M. Upon reasonable request by City for a public health, safety, or welfare purpose, or to generally inform the
City's planning for public projects, the Company shall provide maps in a digital format showing the location of
its System Facilities and shall cooperate with the City in locating its System Facilities when necessary to avoid
conflict and protect the health and safety of the public. Under no circumstances shall the City rely solely on
maps previously provided by the Company for the purpose of avoiding conflict with Company's System
Facilities. All maps temporarily provided by the Company to the City shall be deemed confidential and
proprietary, and will be provided solely for the City's use.
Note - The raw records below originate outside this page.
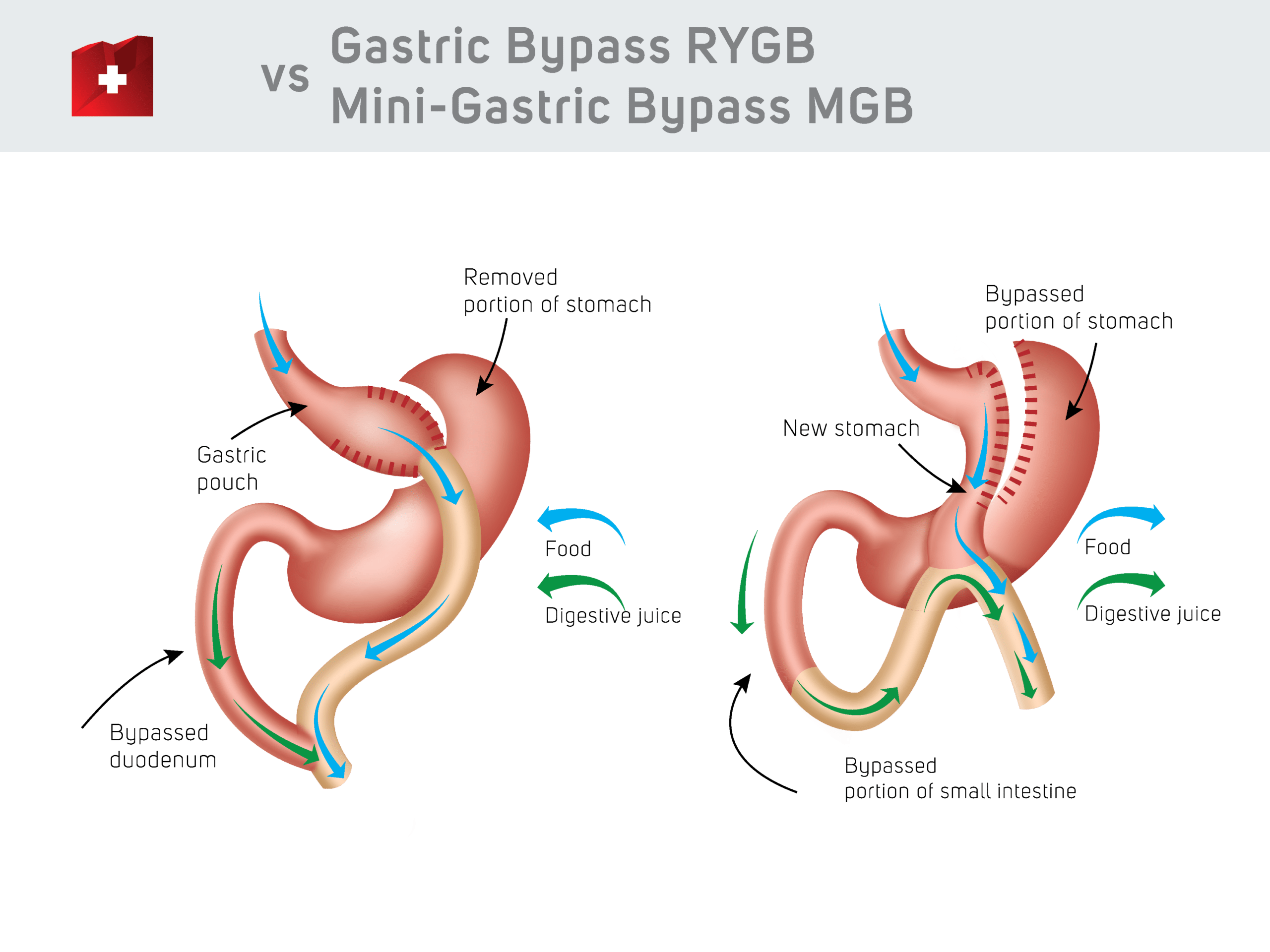 Gastric Bypass vs Mini Gastric Bypass comparasion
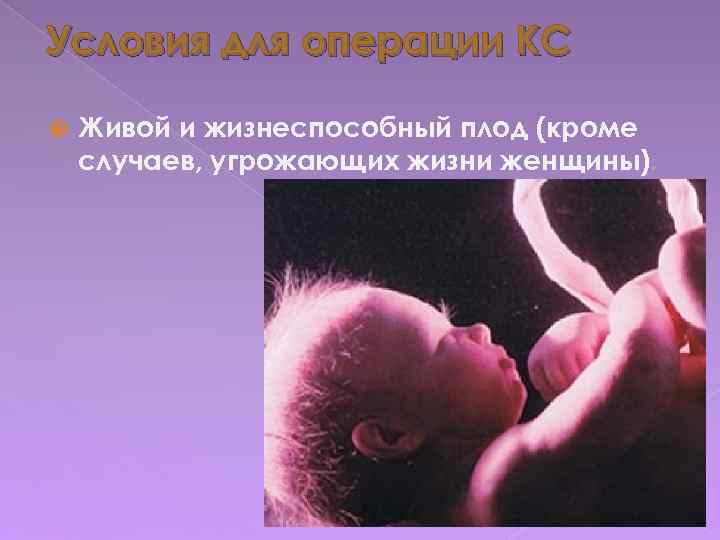 Условия для операции КС Живой и жизнеспособный плод (кроме случаев, угрожающих жизни женщины). 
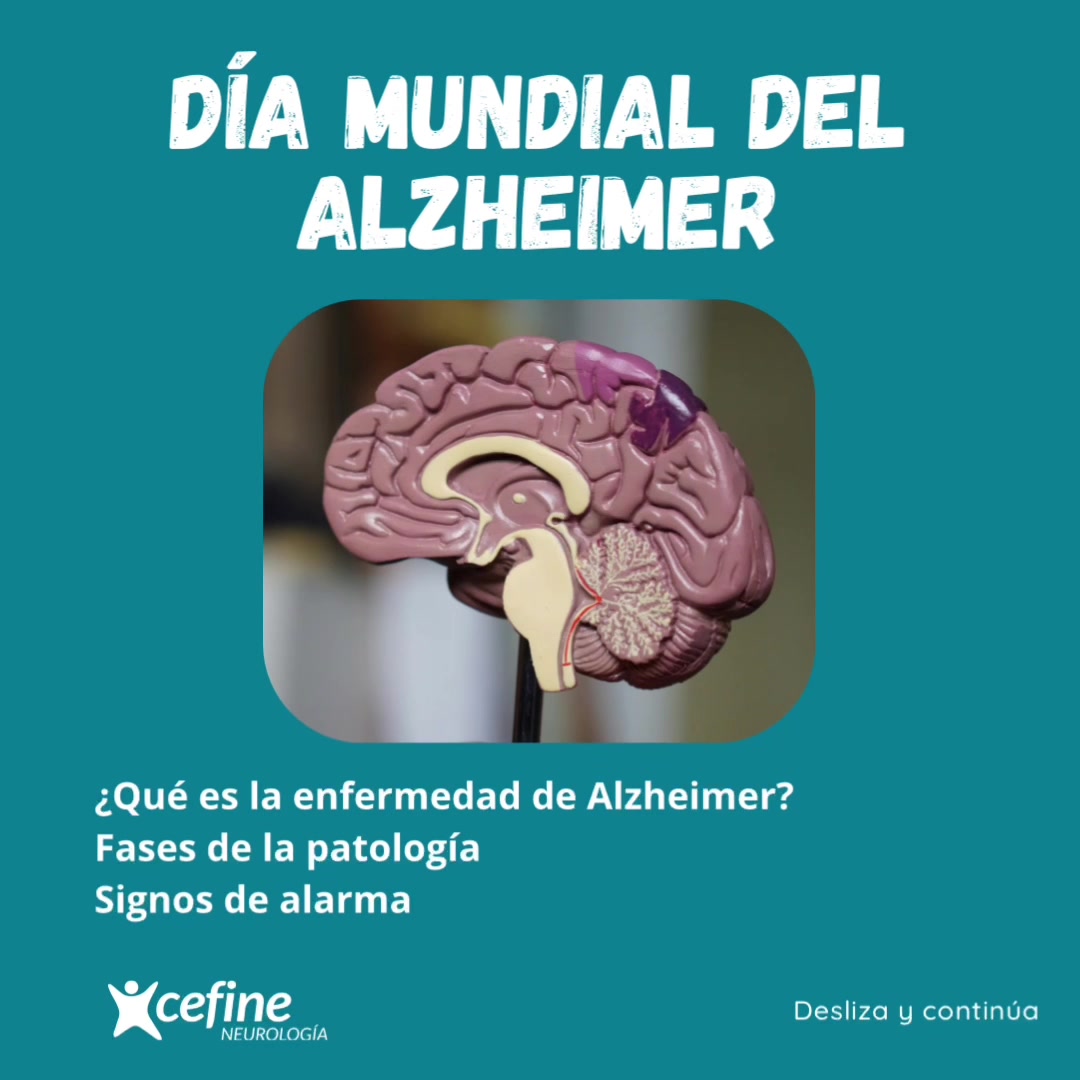 @Cefine Neurolog&iacute;a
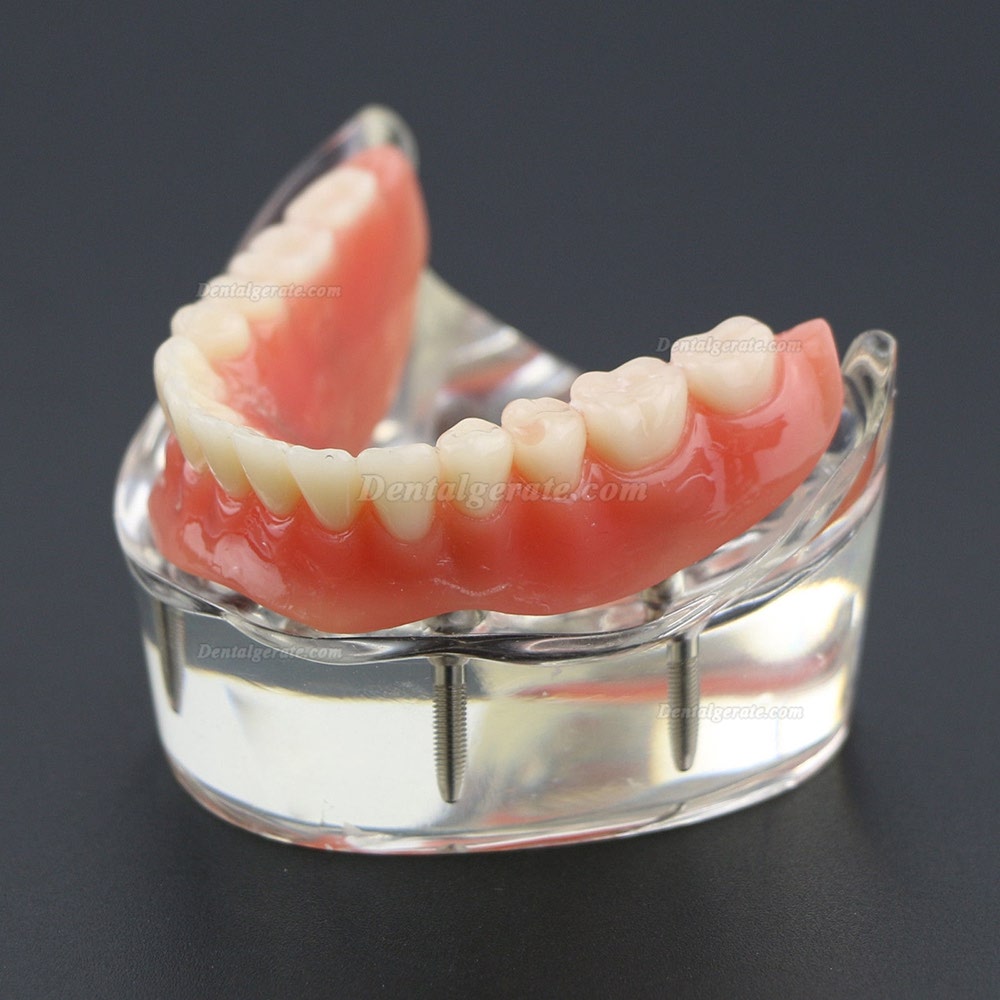 Dental Lower Z&auml;hne Demo-Studienmodell 6002 02 Overdenture Unten 4 Implantate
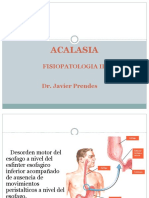 Acalasia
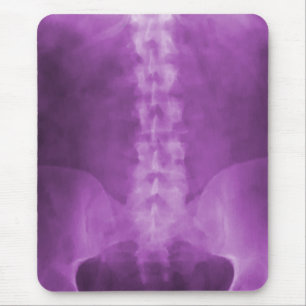 Purpurfärgade Digital röntgar konst Mousepad Musmatta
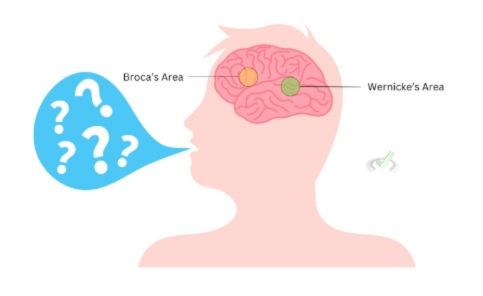 Language And Brain Structure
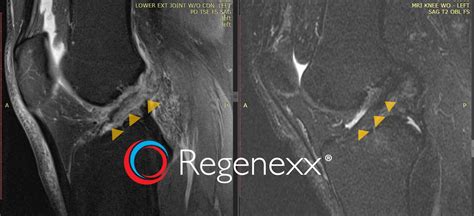 Can an ACL Stem Cell Shot Replace Surgery? - Regenexx Blog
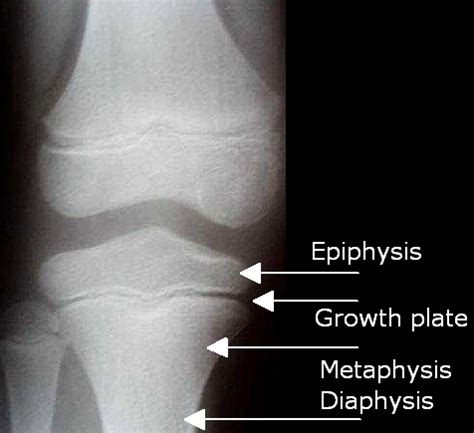 The longitudinal growth of long bones occurs in the epiphyseal plates at their ends. Forensics 101: Epiphyseal Fusion — Jen J. Danna/Sara ...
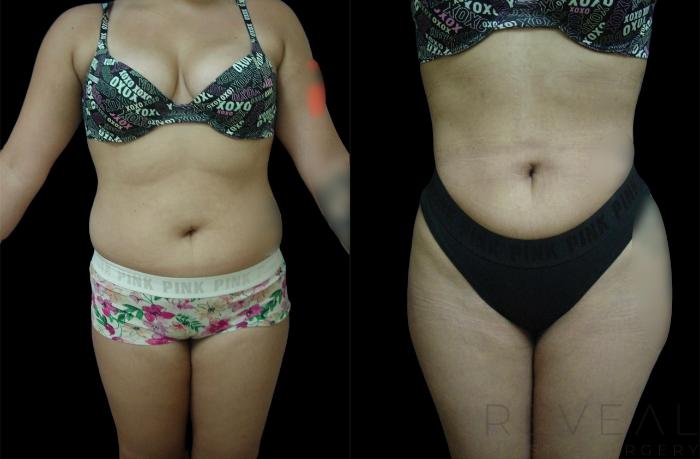 Before & After Brazilian Butt Lift Case 630 Front View in San Jose, CA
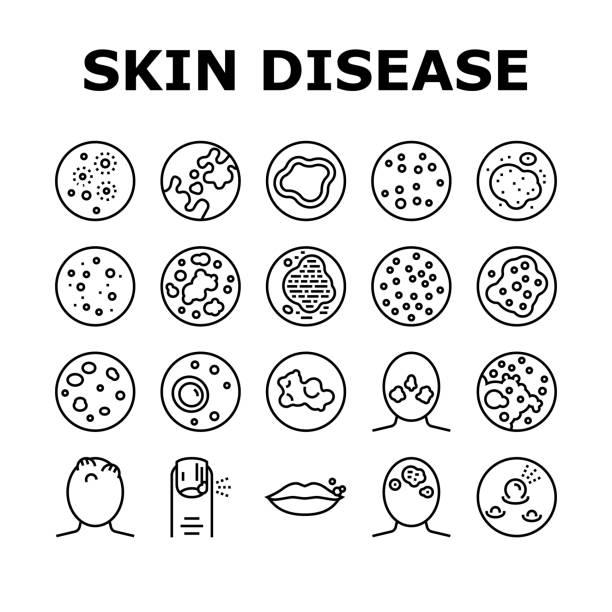 illustrations, cliparts, dessins animés et icônes de icônes de la collection de symptômes de maladies de la peau définir vecteur - psoriasis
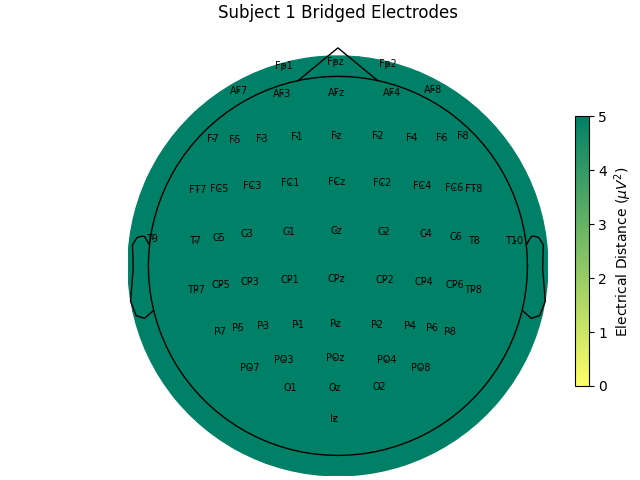 Subject 1 Bridged Electrodes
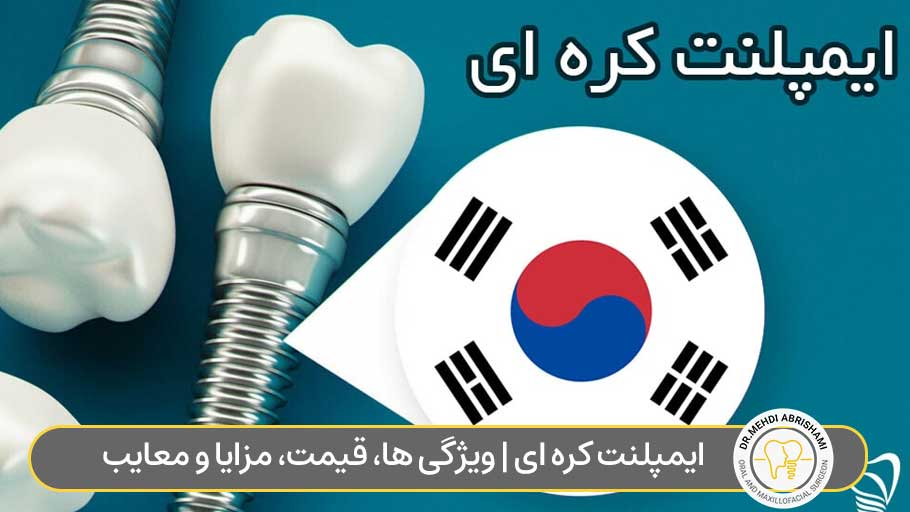 ایمپلنت کره ای | ویژگی ها، قیمت، مزایا و معایب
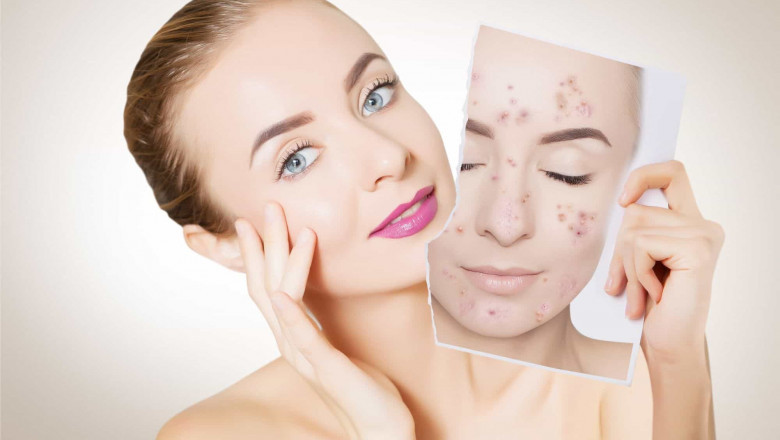 acne spot removal puchong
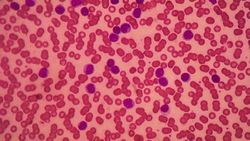First Patient Receives Investigational Cancer Drug-Combination for Relapsed/Refractory Acute Myeloid Leukemia
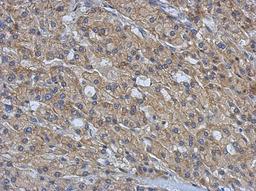 Immunohistochemistry-Paraffin: AMFR Antibody [NBP2-15374] - Paraffin-embedded Hepatoma, using antibody at 1:500 dilution.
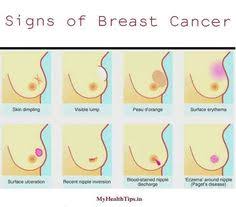 Breast cancer symptoms in women over 50 include: 22 Paget S Disease Ideas Pagets Disease Paget Disease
N. Unless otherwise directed by a state or federal authority, Company shall promptly provide the City, upon City's
request, a copy of all final leak remediation plans prepared by the Company or on its behalf in response to
leaks or other gas emission incidents in the City. The City will maintain the confidentiality of the plans, as
provided in Paragraph O. herein.
O. The City agrees to maintain the confidentiality of any non-public information obtained from the Company to
the extent allowed by law. If the City receives a request under the Texas Public Information Act that includes
the Company's previously designated proprietary or confidential information, the City shall notify the Texas
Attorney General of the proprietary or confidential nature of the document(s) and provide notice to the
Company of any request for release of information previously designated by the Company as proprietary or
confidential non-public information. Thereafter, Company is responsible for establishing that an exception
under the Texas Public Information Act allows City to withhold the information.
Page 3 of 11
Sec. 14.06.030. City indemnification, hold harmless requirement, insurance.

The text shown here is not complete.